The components of the computing device 902 may also be implemented in a suite of mobile device applications or “apps.” To illustrate, the components of the computing device 902 may be implemented in an application, including but not limited to ADOBE® ANALYTICS, ADOBE® AUDIENCE MANAGER, ADOBE® EXPERIENCE MANAGER, ADOBE® CAMPAIGN, ADOBE® ADVERTISING, ADOBE® TARGET, or ADOBE® COMMERCE CLOUD. Product names, including “ADOBE” and any other portion of one or more of the foregoing product names, may include registered trademarks or trademarks of Adobe Systems Incorporated in the United States and/or other countries.

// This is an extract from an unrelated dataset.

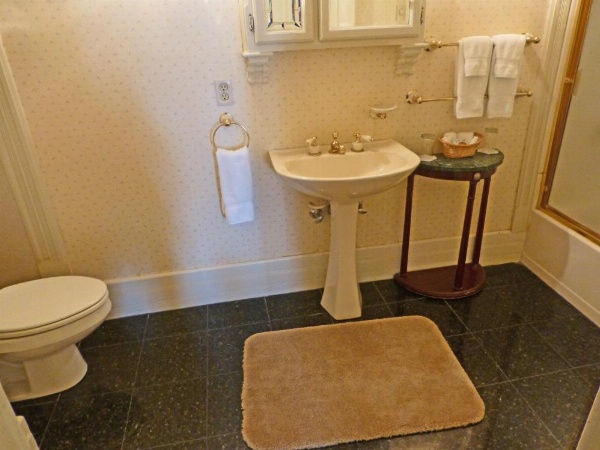 Victorian Inn image 13
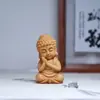 Talla de Madera de Tuya Versión Q Buda Tathagata Adornos Monje Novicio Pequeño Asas Madera Maciza Taihang Buda Bebé Manualidades para el Hogar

FIGS. 1-9, the corresponding text, and the examples provide several different systems, methods, techniques, components, and/or devices of the persona classification system 106 in accordance with one or more embodiments. In addition to the above description, one or more embodiments can also be described in terms of flowcharts including acts for accomplishing a particular result. For example, FIG. 10 illustrates a flowchart of a series of acts 1000 for predicting a persona class of a target user in accordance with one or more embodiments. The persona classification system 106 may perform one or more acts of the series of acts 1000 in addition to or alternatively to one or more acts described in conjunction with other figures, such as FIG. 6A. While FIG. 10 illustrates acts according to one embodiment, alternative embodiments may omit, add to, reorder, and/or modify any of the acts shown in FIG. 10. The acts of FIG. 10 can be performed as part of a method. Alternatively, a non-transitory computer-readable medium can comprise instructions that, when executed by one or more processors, cause a computing device to perform the acts of FIG. 10. In some embodiments, a system can perform the acts of FIG. 10.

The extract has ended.